Short text fragments from websites
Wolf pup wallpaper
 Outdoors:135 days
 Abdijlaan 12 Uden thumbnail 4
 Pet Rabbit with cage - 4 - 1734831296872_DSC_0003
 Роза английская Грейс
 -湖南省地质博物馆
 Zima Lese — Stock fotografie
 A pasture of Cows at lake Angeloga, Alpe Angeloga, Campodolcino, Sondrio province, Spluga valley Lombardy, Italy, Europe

» **About this task**: Your task is to repeat the data exactly, with nothing left out.

» **Answer for this exercise**:
Wolf pup wallpaper
 Outdoors:135 days
 Abdijlaan 12 Uden thumbnail 4
 Pet Rabbit with cage - 4 - 1734831296872_DSC_0003
 Роза английская Грейс
 -湖南省地质博物馆
 Zima Lese — Stock fotografie
 A pasture of Cows at lake Angeloga, Alpe Angeloga, Campodolcino, Sondrio province, Spluga valley Lombardy, Italy, Europe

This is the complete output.